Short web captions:
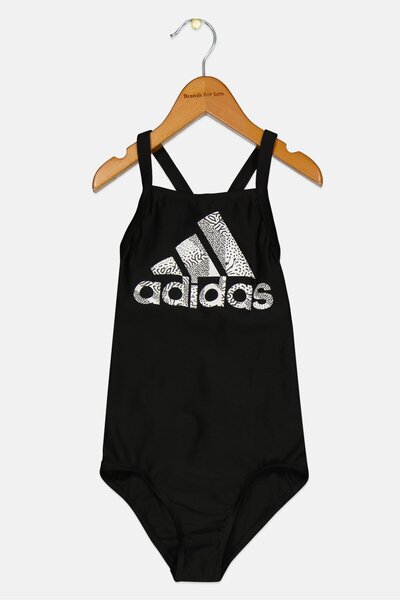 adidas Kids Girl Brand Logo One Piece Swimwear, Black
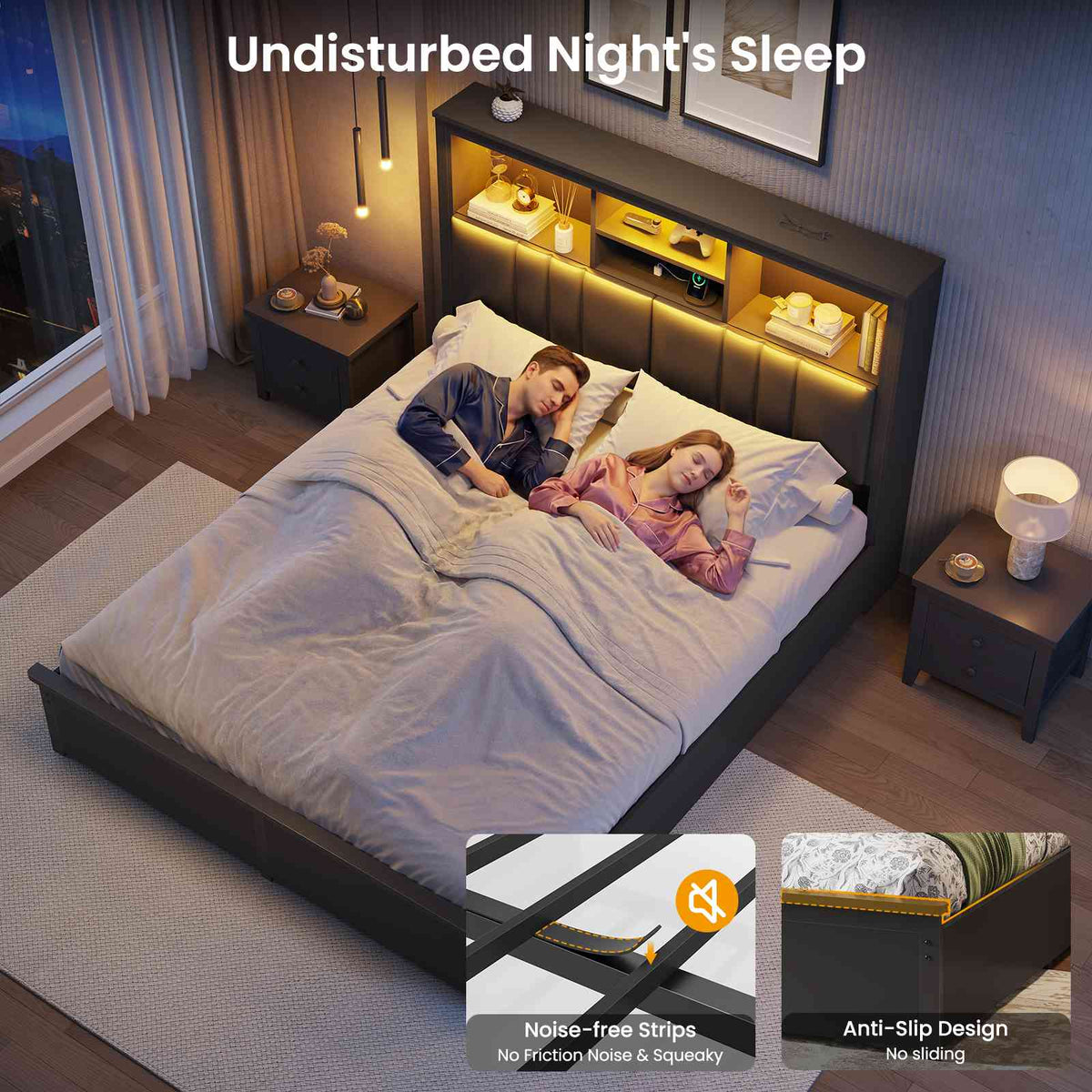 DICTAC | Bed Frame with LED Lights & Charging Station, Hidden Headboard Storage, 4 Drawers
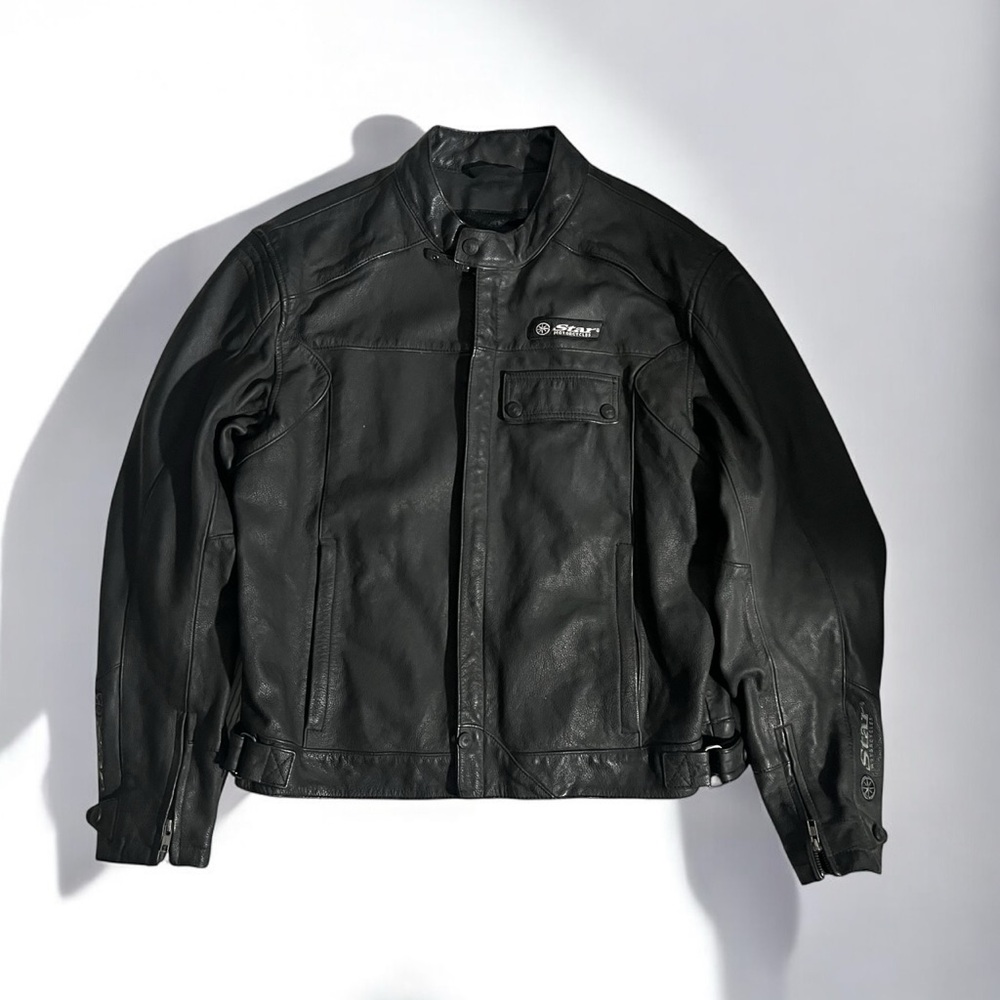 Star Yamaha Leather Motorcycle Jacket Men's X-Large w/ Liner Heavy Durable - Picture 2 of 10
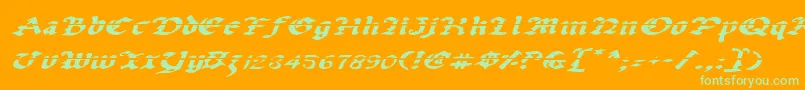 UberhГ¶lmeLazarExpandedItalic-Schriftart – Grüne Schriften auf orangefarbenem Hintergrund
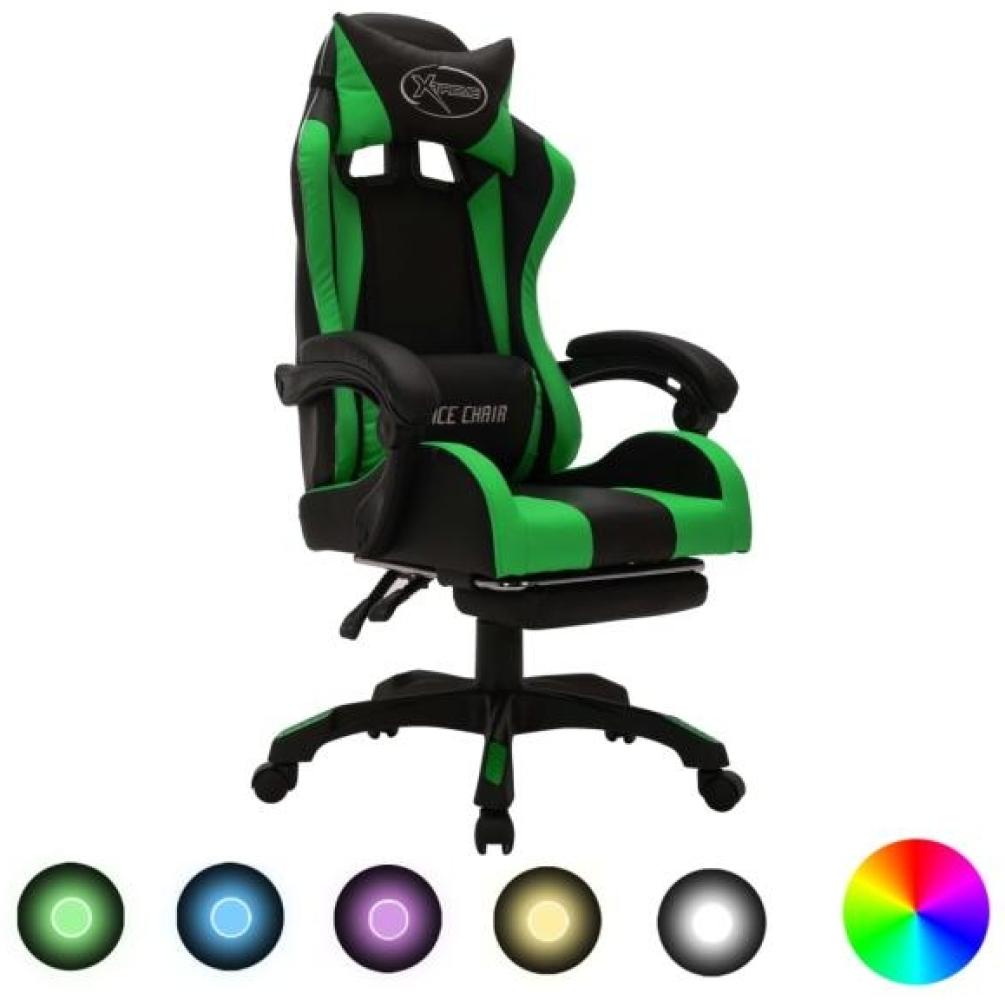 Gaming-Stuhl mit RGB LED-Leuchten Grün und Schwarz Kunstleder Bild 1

WHAT THE TASK ASKS - Copy every record exactly; no pictures.

SOLUTION TO THIS TASK -
 adidas Kids Girl Brand Logo One Piece Swimwear, Black
 DICTAC | Bed Frame with LED Lights & Charging Station, Hidden Headboard Storage, 4 Drawers
 Star Yamaha Leather Motorcycle Jacket Men's X-Large w/ Liner Heavy Durable - Picture 2 of 10
 UberhГ¶lmeLazarExpandedItalic-Schriftart – Grüne Schriften auf orangefarbenem Hintergrund
 Gaming-Stuhl mit RGB LED-Leuchten Grün und Schwarz Kunstleder Bild 1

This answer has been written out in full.